Unions can be used to conserve memory when a structure is needed in which several pieces of information of different types must be represented but only one will be used at a time, as when the components of a container must contain values of differing data types.

The usual syntax for a union is illustrated by

    union UnionType
    {
        int i;
        double d;
        char c;
    };
    UnionType u;

in which we see the definition of a union data type called UnionType, followed by the declaration of a variable of that type, namely u. The variable u can hold either an int value, or a double value, or a char value at any given time, but only one of these values.

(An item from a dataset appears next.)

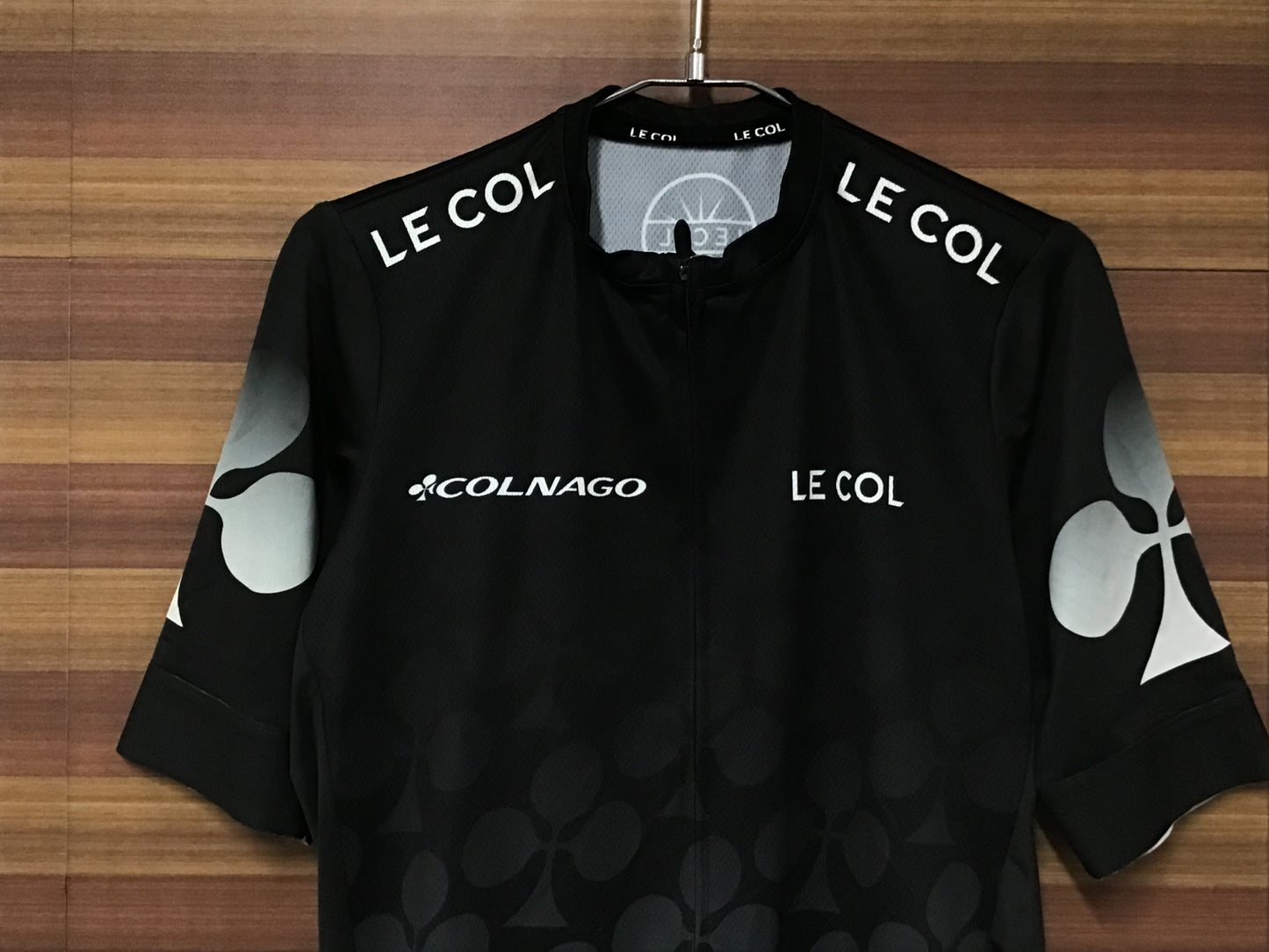 GH557 ルコル LE COL 半袖 サイクルジャージ 黒 S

The syntax for accessing the value in u is what you would probably expect-namely, one of the following, depending on what kind of value is stored in the union:

u.i
u.d
u.c

Arrow notation (up->i, if up is a pointer to a union of the above type) can also be used, if and when appropriate.

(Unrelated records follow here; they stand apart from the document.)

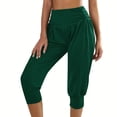 thumbnail image 1 of XIAfhje Capri Pants for Women Cropped Joggers Capri Sweatpants Palazzo Lounge Cropped Pants Light Weight Comfy Casual Pajama Capri Pants, 1 of 9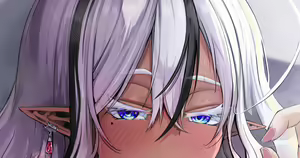 OC Kasshoku Ginpatsu Jidome Elf — hentai manga cover on Fhentai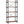 5 Tier Bookshelf Unit With Accents For Living Room - Black / Brown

Because it is the programmer's responsibility to keep track of what is in a union at any time, unions are frequently enclosed in a larger structure which has, perhaps among many other fields, a field called a "tag field" to keep track of what is in the union. For example, the above union might appear in a situation like this:

enum TagType { INTEGER, DOUBLE, CHARACTER };
struct DataType
{
    OtherType otherField;
    TagType tag;
    UnionType u;
};
DataType myData;

With a setup like this, if you want to store a double value, you might do this:

myData.tag = DOUBLE;
myData.u.d = 3.14;

Then, later on, you can do this:

if (myData.tag == DOUBLE)
    // You know you can use a double value here ...

You can also use an "anonymous" union (a union without a name), as in

struct DataType
{
    OtherType otherField;
    TagType tag;
    union
    {
        int i;
        double d;
        char c;
    };
}

in which case the fields of the union are treated simply as fields of the struct (so there is no need to use the . or -> operator, but there must of course be no name conflicts with other fields in the struct).

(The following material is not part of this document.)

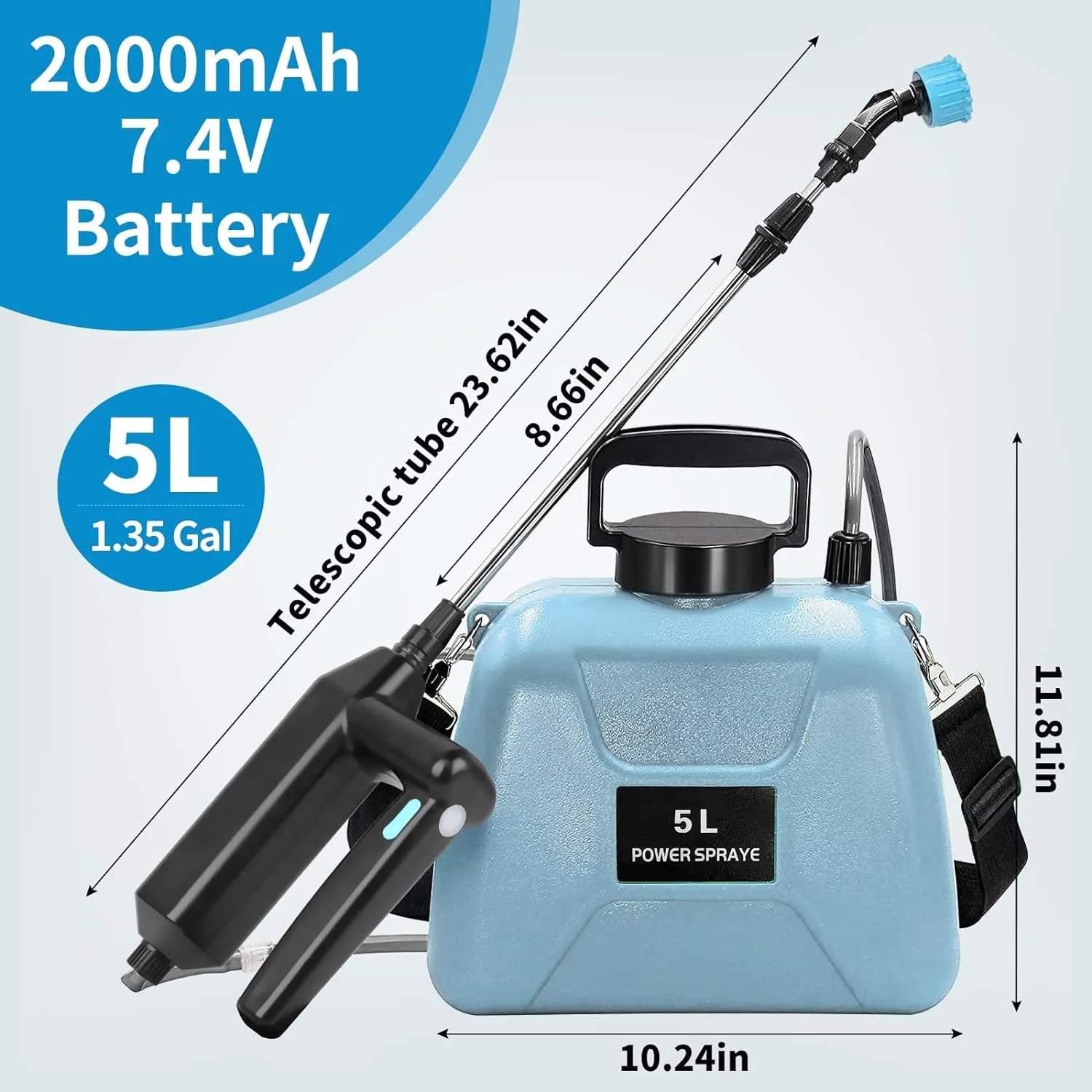Kevsuvqin Akku Drucksprüher 5 Liter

In either of the above examples the field otherField may be called the "invariant" part of the struct (the part that does not vary in the kind of data it holds), while the union part might be called the "variant" part of the struct (the part that does vary).

Here are some general rules regarding unions that might occasionally come in handy but we give them only for the sake of completeness since we will be using unions only in the context of binary expression trees:

Like a struct, all members of a union are public by default.
A union can have a constructor to initialize any of its members. A union without a constructor can be initialized with another union of the same type, with an expression of the type of the first member of the union, or with an initializer (enclosed in braces) of the type of the first member of the union.
A union can have other member functions, such as a destructor, but no member of a union can be declared virtual.
None of a union's data members can be declared static.
A union can be assigned to another union of the same type, but unions cannot be compared.
A union cannot be used as a base class in inheritance.
Unions can have objects as data members only if the objects do not have a constructor, a destructor, or an overloaded assignment operator.
Anonymous unions have some additional restrictions:
- They can contain only data members.
- All members must be public.
- If declared at file scope (globally), an anonymous union must be explicitly declared static.

See the Deitel reference for a good discussion of unions.